Art exhibit inspired by Canadian and Korean landscapes
By Cheryl Minns, Senior Columnist
From Korea to Canada, nursing to teaching, artist Ilsoo Kyung has plenty of life experience to draw on for her mixed media art. Her latest exhibit, Jayeonmi, opens October 27 at the Amelia Douglas Gallery and will feature her nature-inspired paintings, etching, sculptures, prints, and more.
Kyung began her artistic career with Fine Arts courses at Emily Carr University, Simon Fraser University, and the University of British Columbia in the late 1990s and early 2000s.
“During the second day in an art class, the instructor said she thought I had been painting before, but it was my first time,” she said. “That encouraged me to continue painting.”
Kyung retired from her nursing career in 2002 and transitioned into becoming a full-time art student.
“I worked all my life, so I didn’t want to stay at home when I retired.
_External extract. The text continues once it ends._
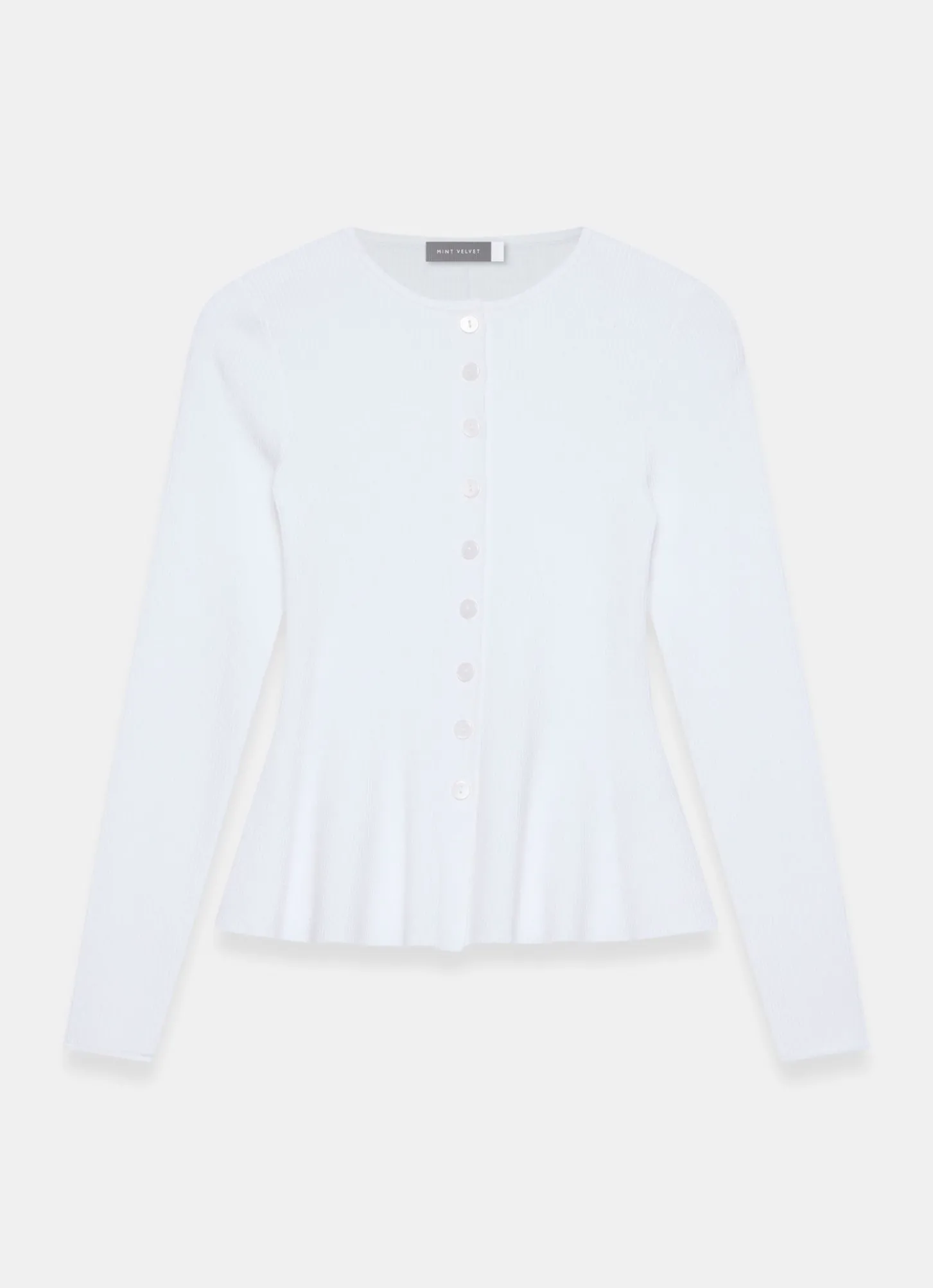 White Peplum Knit Cardigan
I decided to do painting and it was a smooth transition. I really enjoyed taking courses,” she said.
After graduating with a Bachelor of Fine Arts Degree from UBC in 2006, she decided to complete an Art Education Diploma at UBC. Now she teaches a seniors’ acrylic painting class in Richmond.
Kyung draws inspiration for her artwork from her experiences in nature, both in Canada and her homeland of Korea.
“My home in Ladner, BC provides dramatic subject matter with diverse landscapes,” she wrote in her artist statement on her website, IlsooKyung.com.
“When I was a little girl, my hometown was a very small town with mountains, lakes, rivers, and ponds. It was a one-hour walk from home to school. That really inspired me,” said Kyung, who immigrated to Canada in 1967.
The exhibit’s title, Jayeonmi, is the Korean word for natural beauty, which suits the multicultural, nature-themed exhibit.
“Full moon” is an impressionist print that shows Kyung’s connection to nature from a young age. The portrait features a dark-haired little girl in a yellow top and red skirt hanging from a tree branch emerging from a full yellow moon.
Some of her other works are intended to spark discussions about the environment, such as her underwater print series that features salmon and human faces overlapping landscapes to show nature’s connection.
“I did a beautiful landscape picture and then put the salmon in and other little pieces. It combined for an environmental meaning,” she said. “I like to give a message to people.”
An opening reception for Jayeonmi will take place at 4:30 p.m. in the Amelia Douglas Gallery on October 27. Kyung will give an artist talk at 10 a.m. in the gallery on October 28.
Jayeonmi will be on display until December 10 in the Amelia Douglas Gallery on the fourth floor of the Douglas College New Westminster campus.